Consisting of five second-year MBA students, the BYU contingent placed second at the Venture Capital Investment Competition one year after winning the international event for the first time in school history. Mark Broadbent, from Gilbert, Arizona; David Christison, from Park City, Utah; Kevin Couch, from Cameron Park, California; Holly Preslar, from Sugar City, Idaho; and Jordan Roper, from Highland, Utah composed the team.
BYU joined eleven other regional champions at the University of North Carolina to compete in the championship rounds. Each team was introduced to four startup companies, then began the process of conducting due diligence on each deal. They spent time with each CEO, ultimately selecting one of the firms for an investment.
The teams were judged by professionals from more than a dozen investment firms on their ability to interface with the company's CEO, understand the deal and industry, produce an investment thesis, and then defend it in front of the judges and CEOs.
“It was fun to have a target on our backs,” Broadbent says. “We were the defending champs so people said, ‘Oh—there’s BYU.’”
Early on the second day, judges eliminated five teams. The remaining schools presented their investment plans, and after the final round of judging, Georgetown was awarded first place with BYU coming in second.

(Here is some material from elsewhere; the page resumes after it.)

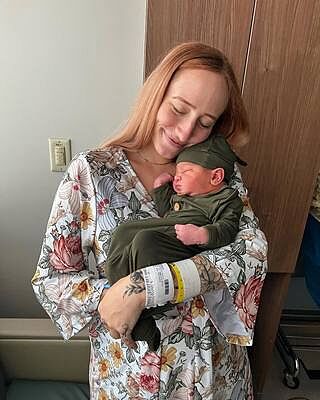 Solid Olive Bamboo Baby Knot Gown & Hat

“This experience has been the highlight of my MBA,” Roper says. “It’s very real. BYU’s venture capital program is getting better and better and succeeding in competitions like this really shows that. The team finished behind Georgetown but ahead of other finalists, including Harvard, MIT, Chicago, and Wharton. It felt really good to be number two in the world.”
Gary Williams, the team’s faculty advisor, worked with the team for eight months in preparation. Williams teaches a two-year MBA track in venture capital and private equity and serves as the faculty advisor to BYU Cougar Capital.
“I consider this to be pure third-party validation—you can’t fake it,” Williams says. “This competition pit five students from Provo against five students from China, India, and other countries around the world. We are happy both for our team and the university and thankful to each of our team members for their outstanding work in representing BYU on a global stage.”